Yep, I've seen that recipe. My specific problem with the fresh Chrome profile on launch approach is that I'm exposing Puppeteer as a micro-service (so it only launches when the service re/starts). Multiple clients can hit this service, but their requests are sandboxed from each other via Incognito contexts; I was hoping to borrow the same sandboxing approach for Lighthouse performance audits as well.

FYI we recommend against this. If you rely on the performance category, the results will be skewed.

This is good to know (I'm looking at just the performance category for right now). Is this something that can be mitigated by throwing additional resources at Chrome (e.g. CPU cores / Memory)? Any documentation you have on this would be very much appreciated.

I'd also be curious to hear how Google approaches scaling the PageSpeed Insights API, given the recommendation against concurrent audits in a single Chrome instance.

connorjclark · 2020-01-13T23:55:26Z

so it only launches when the service re/starts

I'd suggest this is a micro-optimization. Also, LH directs the browser to clear the cache on each run (by default), so you're also at risk of runs stomping on the cache of other runs.

I'd also be curious to hear how Google approaches scaling the PageSpeed Insights API, given the recommendation against concurrent audits in a single Chrome instance.

We have many machines, a load balancer, and queue things up in the worst case.

You could probably get away with a few concurrent runs, but I'd measure to be safe. 3 is probably fine on any non-network constrained machine. In any case, you certainly should queue up LH runs if you get more than 3 req/minute.

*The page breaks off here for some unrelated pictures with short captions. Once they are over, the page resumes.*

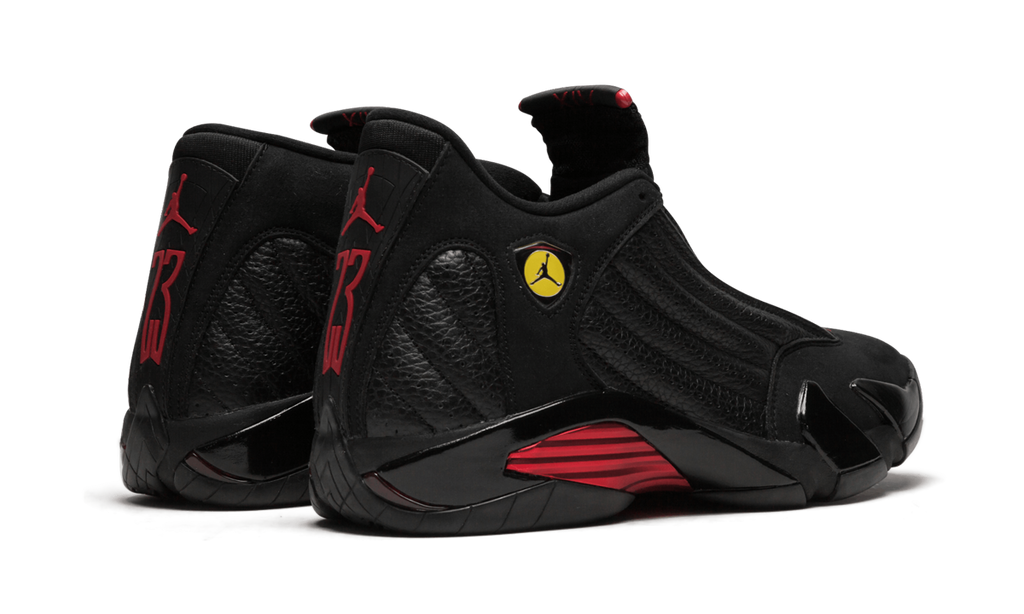 Air Jordan 14 Retro 3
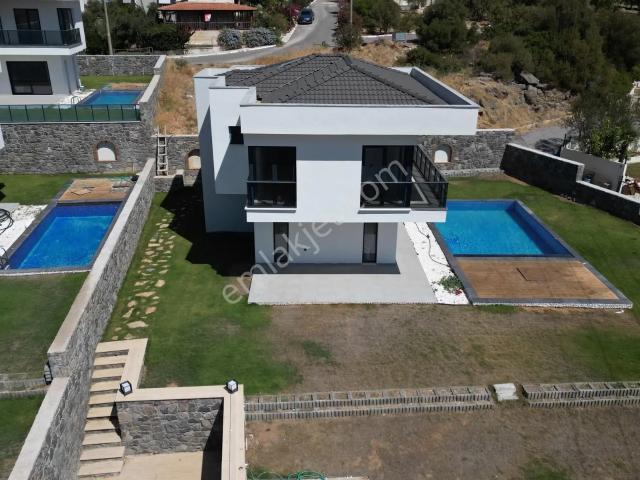 Germiyan Mahallesi, Çeşme içerisinde satılık Villa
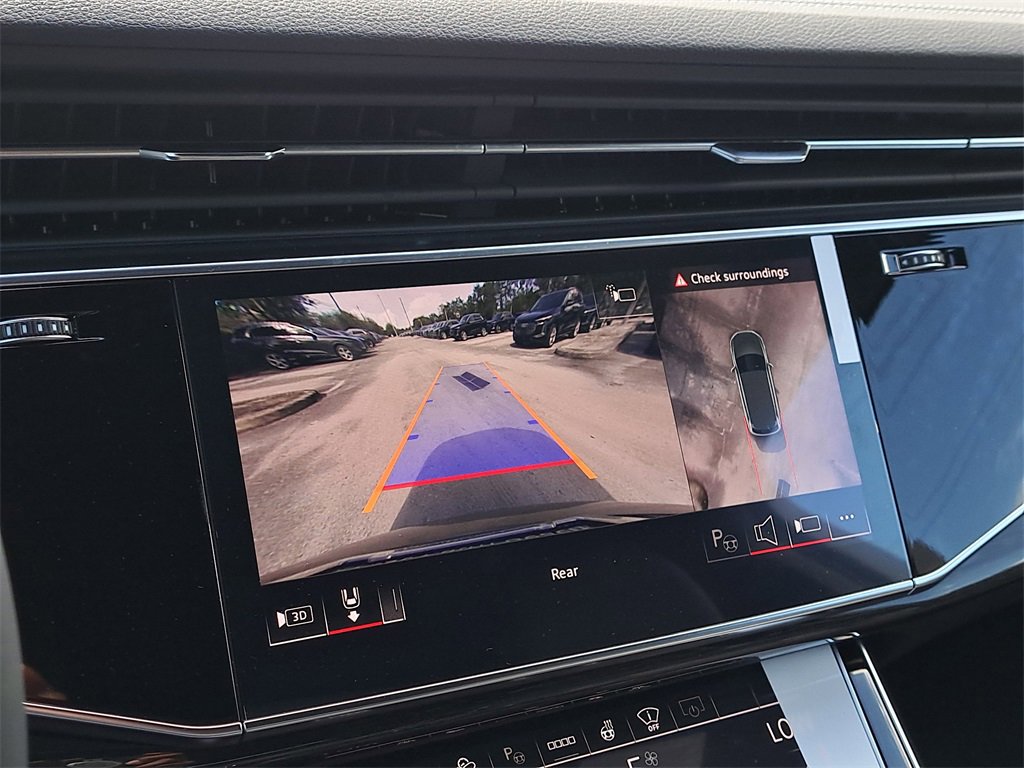 New 2026 Audi Q7 3.0T Prestige image 13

patrickhulce · 2020-01-14T00:14:47Z

In addition to connor's advice, if you're going to run LH concurrently (again we recommend you don't or your performance variability will be quite high), run each Lighthouse in its own child process and dedicate at least 2 cores to its execution.

Scaling horizontally has shown to yield more consistent results than scaling vertically, i.e. using 8 smaller 2-core machines as opposed to running 8 runs on a 16-core machine. Just avoid any burst-able instance types.

niieani · 2020-01-14T14:02:44Z

@iamEAP In our case, we run Lighthouse in a serverless compute service (e.g. AWS Lambda). We do this to run 60 tests simultaneously and then extract median performance data to see whether a given code change causes a performance regression (or is an improvement). This makes it easy to run LH concurrently (and scalably) and you get meaningful results as soon as the longest run completes.
You also get a fresh run of Chrome with every hit of the API, so you won't hit any of the issues you mentioned.

Siilwyn · 2020-10-21T13:22:54Z

Sorry if this was already obvious, but as far as I understand most usecases above could be solved by adding a way to connect to a chrome instance by providing a browser websocket url right? Just like puppeteer.connect accepts a browserWSEndpoint.

patrickhulce · 2020-10-21T15:30:13Z

Yes that is in fact the plan @Siilwyn but not the hardest part :) The full story is in #11313 and the associated links therein if you're interested in following along 👍

praveenralla · 2021-09-16T23:23:58Z

Can I please get an example of the client calling the lighthouse and passing browser in the parameter userConnect? I am trying to call lighthouse on a url after navigating in puppeteer and getting a new tab launched everytime lighthouse is called. I dont want the new tab to be launched and want the existing tab to be reused.

Thanks in advance!

puppeteer version 7.6.0
lighthouse version 7.6.0

connorjclark · 2021-09-16T23:31:52Z

We have puppeteer examples here: https://github.com/GoogleChrome/lighthouse/blob/master/docs/puppeteer.md

Khady · 2021-09-17T12:31:09Z

From the look of the doc it only partially solves the original issue. For example it doesn't offer a way to force lighthouse to use a specific tab.

praveenralla · 2021-09-17T13:02:00Z

That is true . I went through all these examples but couldnt find a way to open lighthouse analysis on existing tab opened in puppeteer. I can achieve the result partially using the code lighthouse.snapshot in this code but the result report is not in desired html format but in Json format.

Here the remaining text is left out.